Aug 132012
 

When most people think about setting up a cluster, it usually involves two or more servers, and a SAN – or some other type of shared storage.  SAN’s are typically very costly and complex to setup and maintain. Also, they technically represent a potential Single Point of Failure (SPOF) in your cluster architecture.  These days, more and more people are turning to companies like Fusion-io, with their lightning fast ioDrives, to accelerate critical applications.  These storage devices sit inside the server (i.e. aren’t “shared disks”), and therefore can’t be used as cluster disks with many traditional clustering solutions.  Fortunately, there are solutions out there that allow you form a failover cluster when there is no shared storage involved – i.e. a “shared nothing” cluster.

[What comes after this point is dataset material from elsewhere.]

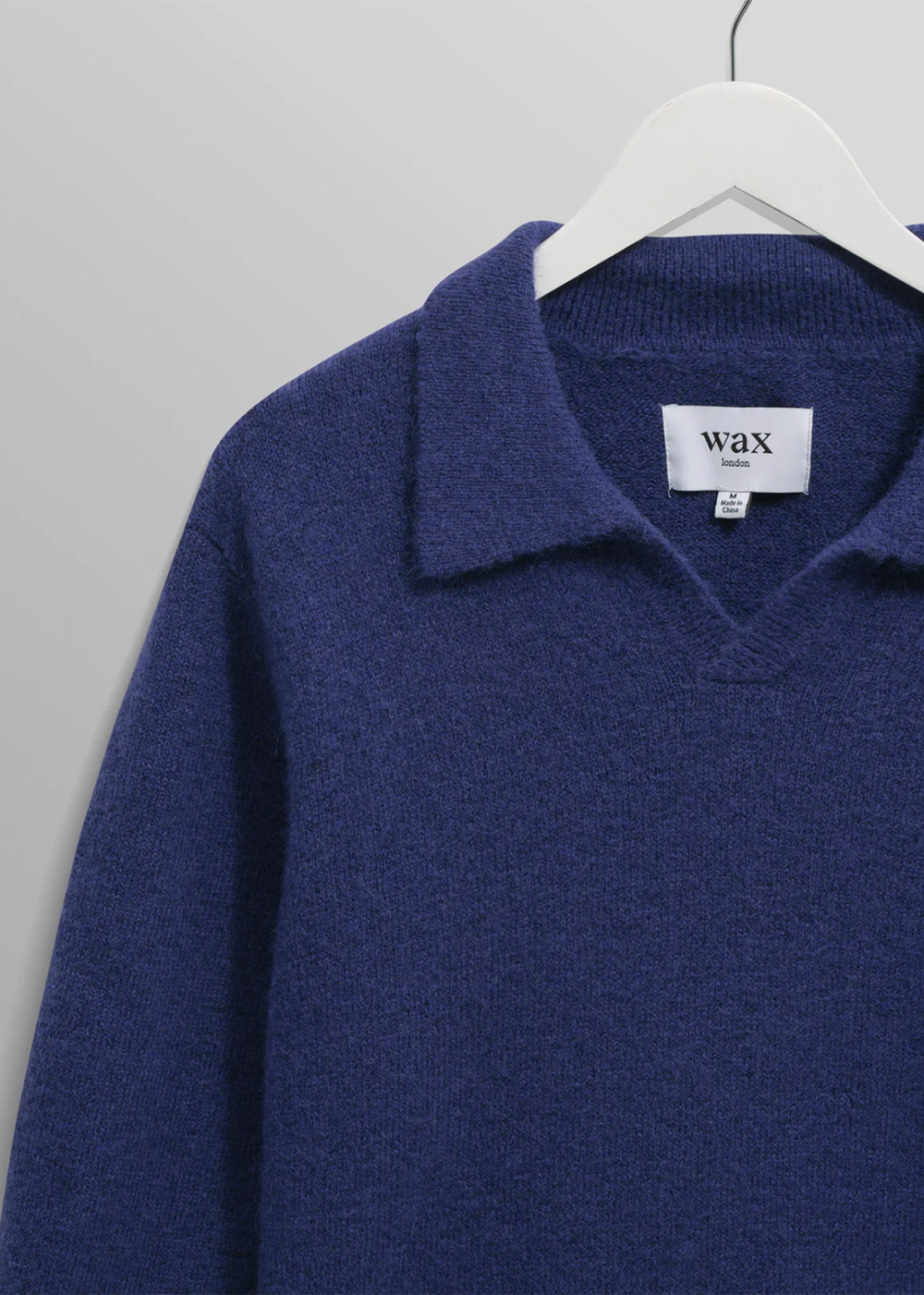 Carter Fluffy Wool Open Collar Polo - Blue - Wax London Canada - Danali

Traditional Cluster   “Shared Nothing” Cluster

 

When leveraging data replication as part of a cluster configuration, it’s critical that you have enough bandwidth so that data can be replicated across the network just as fast as it’s written to disk.  The following are tuning tips that will allow you to get the most out of your “shared nothing” cluster configuration, when high-speed storage is involved:

Network

  • Use a 10Gbps NIC: Flash-based storage devices from Fusion-io (or other similar products from OCZ, LSI, etc) are capable of writing data at speeds in the HUNDREDS (750+) of MB/sec or more.  A 1Gbps NIC can only push a theoretical maximum of ~125 MB/sec, so anyone taking advantage of an ioDrive’s potential can easily write data much faster than could be pushed through a 1 Gbps network connection.  To ensure that you have sufficient bandwidth between servers to facilitate real-time data replication, a 10 Gbps NIC should always be used to carry replication traffic
  • Enable Jumbo Frames: Assuming that your Network Cards and Switches support it, enabling jumbo frames can greatly increase your network’s throughput while at the same time reducing CPU cycles.  To enable jumbo frames, perform the following configuration (example from a RedHat/CentOS/OEL linux server)
    • ifconfig <interface_name> mtu 9000
    • Edit /etc/sysconfig/network-scripts/ifcfg-<interface_name> file and add “MTU=9000” so that the change persists across reboots
    • To verify end-to-end jumbo frame operation, run this command: ping -s 8900 -M do <IP-of-other-server>
  • Change the NIC’s transmit queue length:
    • /sbin/ifconfig <interface_name> txqueuelen 10000
    • Add this to /etc/rc.local to preserve the setting across reboots

TCP/IP Tuning

  • Change the NIC’s netdev_max_backlog:
    • Set “net.core.netdev_max_backlog = 100000” in /etc/sysctl.conf
  • Other TCP/IP tuning that has shown to increase replication performance:
    • Note: these are example values and some might need to be adjusted based on your hardware configuration
    • Edit /etc/sysctl.conf and add the following parameters:
      • net.core.rmem_default = 16777216
      • net.core.wmem_default = 16777216
      • net.core.rmem_max = 16777216
      • net.core.wmem_max = 16777216
      • net.ipv4.tcp_rmem = 4096 87380 16777216
      • net.ipv4.tcp_wmem = 4096 65536 16777216
      • net.ipv4.tcp_timestamps = 0
      • net.ipv4.tcp_sack = 0
      • net.core.optmem_max = 16777216
      • net.ipv4.tcp_congestion_control=htcp

Typically you will also need to make adjustments to your cluster configuration, which will vary based on the clustering and replication technology you decide to implement.  In this example, I’m using the SteelEye Protection Suite for Linux (aka SPS, aka LifeKeeper), from SIOS Technologies, which allows users to form failover clusters leveraging just about any back-end storage type: Fiber Channel SAN, iSCSI, NAS, or, most relevant to this article, local disks that need to be synchronized/replicated in real time between cluster nodes.  SPS for Linux includes integrated, block level data replication functionality that makes it very easy to setup a cluster when there is no shared storage involved.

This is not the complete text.